I now feel like I am emerging from this and will get back into action. Yet what has happened is typical for this time of year and something I have mentioned in previous blogs during another winter past. Some of us start the year with an intention to do so much more. For health clubs this is often the busiest time of the year, with recruitment up – all those new year resolutions. But many still find it hard to motivate and energise, and this is hardly surprising when it is still the depth of winter – cold, wet and dark. This is when the rest of nature is hibernating, and us humans appear to know otherwise. We want to be extra active as soon as Big Ben strikes midnight on New Year’s Eve but our body is saying that is not ready.  No wonder it feels hard, but the modern world still rolls on relentlessly and we do need to keep up. Jobs to go to, kids have to get to school and so on.
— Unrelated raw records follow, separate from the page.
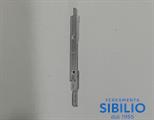 A5019302SX F3 TERMINALE ARETECH L125 PUNT.8 U11/15 SX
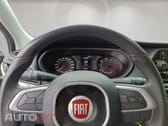 Fiat Tipo 1.3 M-Jet Lounge J17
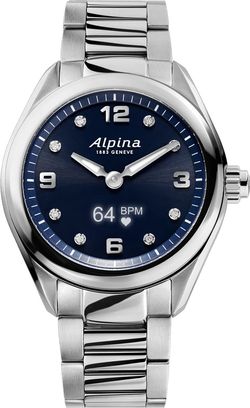 ALPINA AL-286ND3C6B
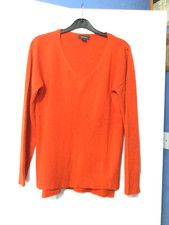 Ladies lovely soft for sale  LEISTON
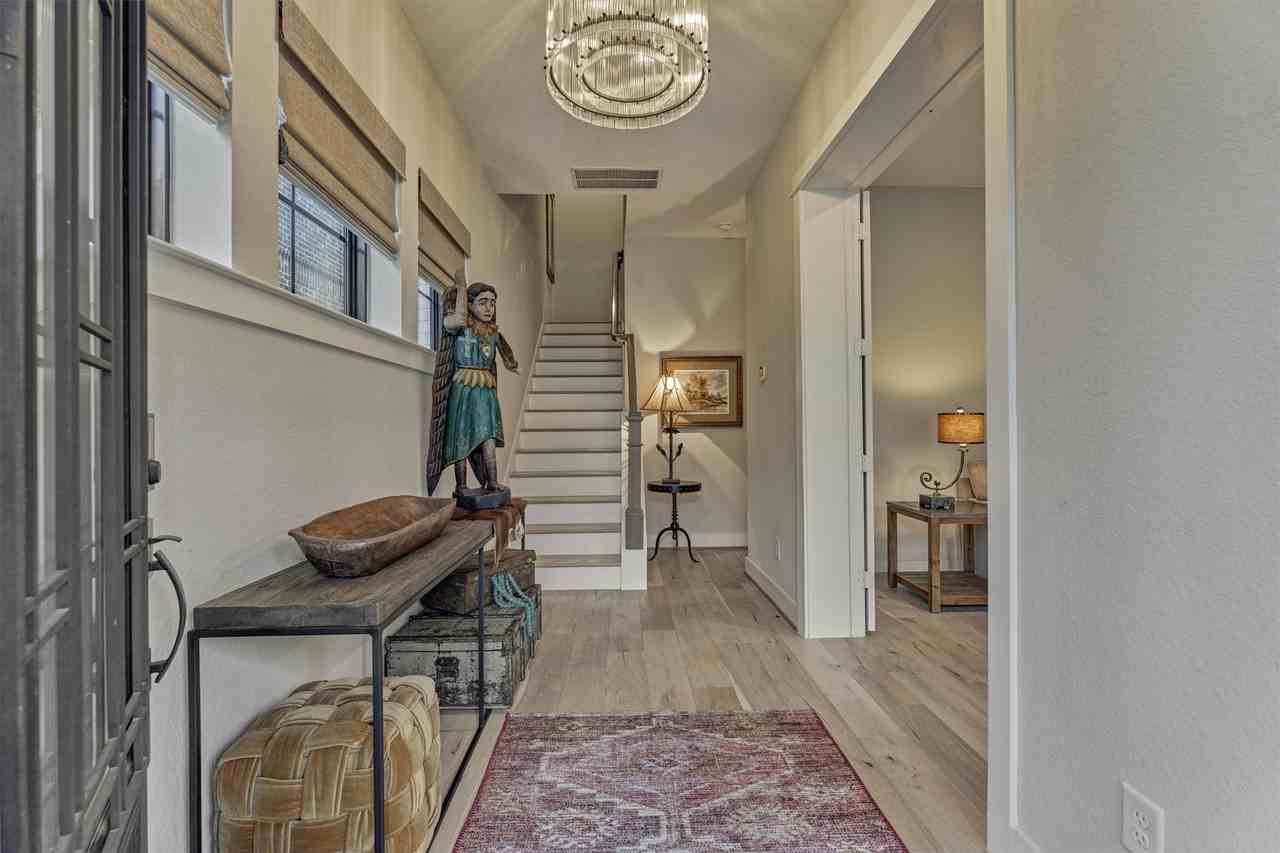 15 Amerson Bay Way - Photo 6 of 50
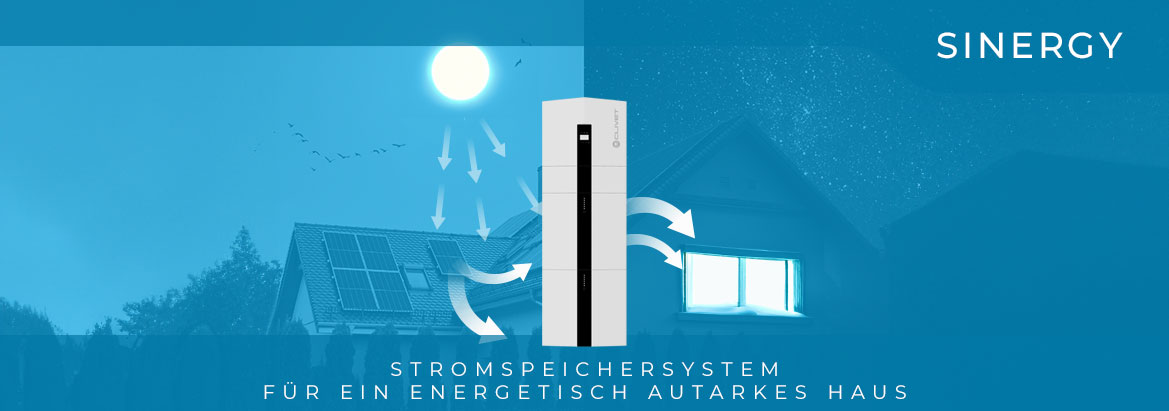 Clivet CONSOLE 3 Klimaanlage, 18.000 BTU, leichter gewerblicher Wechse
That is why in yoga we adapt, and adjust to the climate and our own state of health. A constant and regular practice is something that doesn’t mean we have to do the same amount every day and week regardless of season and personal health. We can do a slower practice and gentler one if this will help energise ourself enough to operate in the daily world; or perhaps we need a more physical approach to get going – to crank the engines up and then enter the outside world.

Look at yourself and be honest about what is happening right now and move on from there, instead of blindly pushing foward ignoring signals of not only nature, but from your own body, mind and heart. That is a healthy approach to practice.